I thought it best to speak quite truthfully.

"Not unkind, sir--exactly."

"But what did Ethel mean? She said we'd been brutes to you. Is that true?"

"No, sir; not in my sense. I haven't felt it."

He tapped his foot with the old imperiousness. "Then--what?"

We were so near the fundamentals that again I felt I ought to give him nothing but the facts.

"I suppose Mrs. Rossiter meant that sometimes I should have been glad of a little more sympathy, and always of more--courtesy." I added: "From you, sir, I shouldn't have asked for more than courtesy."

Though only his profile was toward me and the hall was dim, I could see that his face was twitching. "And--and didn't you get it?"

"Do you think I did?"

"I never thought anything about it."

"Exactly; but any one in my position does.

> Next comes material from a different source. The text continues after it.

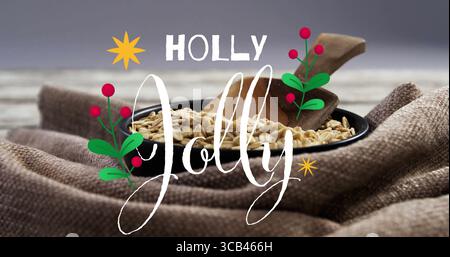 Showing black bowl of oats holding wooden scoop on cloth tabletop, with holly sprigs, text overlay Stock Photo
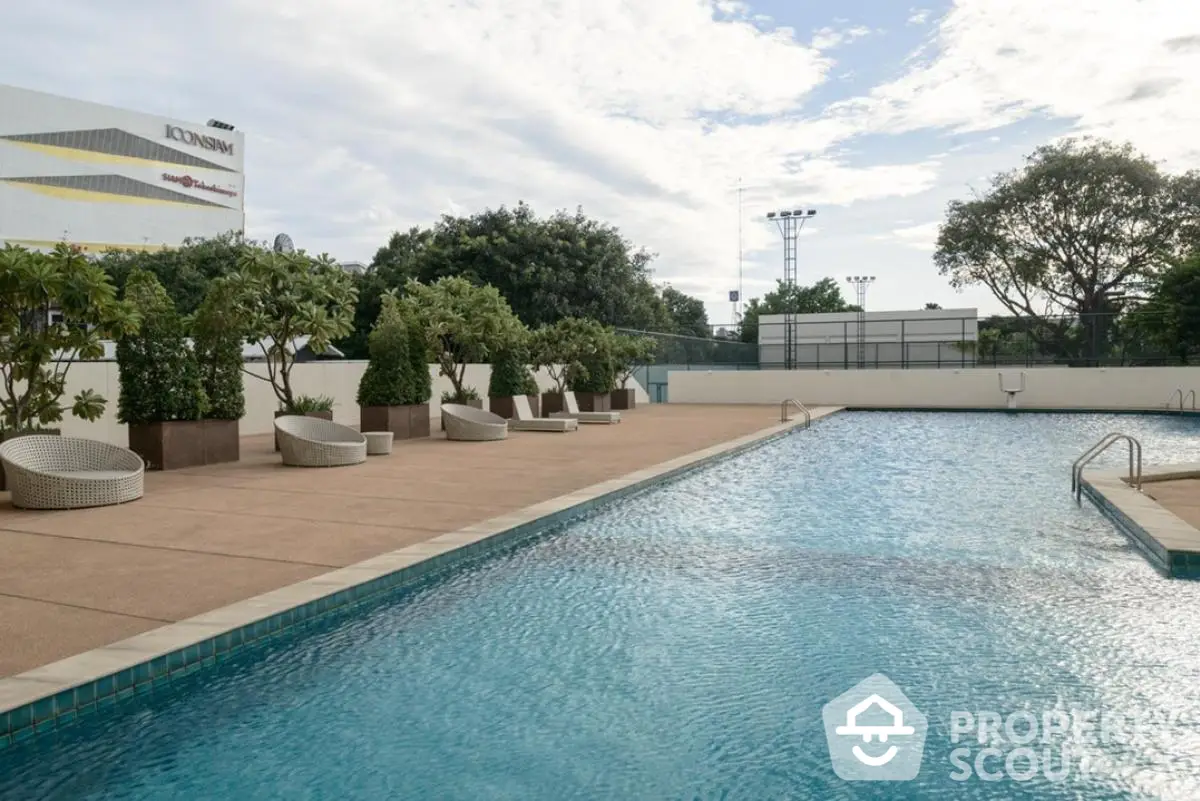 Luxurious outdoor swimming pool with modern seating and lush greenery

Even if we could do without courtesy between equals--and I don't think we can--from the higher to the lower--from you to me, for instance--it's indispensable. I don't remember that I ever complained of it, however. Mrs. Rossiter must have seen it for herself."

"I didn't want you to marry Hugh," he began, again, after a long pause; "but I'd given in about it. I shouldn't have minded it so much if--if my wife--"

He broke off with a distressful, choking sound in the throat, and a twisting of the head, as if he couldn't get his breath. That passed and he began once more.

"I've had great trials. . . . My wife! . . . And then the burden of this war. . . . They think--they think I don't care anything about it but--but just to make money. . . . I've always been misjudged. . . .

They've put me down as hard and proud, when--"

"I could have liked you, sir," I interrupted, boldly. "I told you so once, and it offended you. But I've never been able to help it. I've always felt that there was something big and fine in you--if you'd only set it free."

His reply to this was to turn away from his contemplation of the fish and say:

"Why don't you come back?"

I was sure it was best to be firm.

"Because I can't, sir. The episode is--is over. I'm sorry, and yet I'm glad. What I'm doing is right. I suppose everything has been right--even what happened between me and Hugh. I don't think it will do him any harm--Cissie Boscobel is there--and it's done me good. It's been a wonderful experience; but it's over. It would be a mistake for me to go back now--a mistake for all of us. Please let me go, sir; and just remember of me that I'm--I'm--grateful."

He regarded me quietly and--if I may say so--curiously. There was something in his look, something broken, something defeated, something, at long last, kind, that made me want to cry.

I was crying inwardly when he turned about, without another word, and walked toward the door.

It must have been the impulse to say a silent good-by to him that sent me slowly down the hall, though I was scarcely aware of moving. He had gone out into the dark and I was under the Oriental lamp, when he suddenly reappeared, coming in my direction rapidly. I would have leaped back if I hadn't refused to show fear. As it was, I stood still. I was only conscious of an overwhelming pity, terror, and amazement as he seized me and kissed me hotly on the brow. Then he was gone.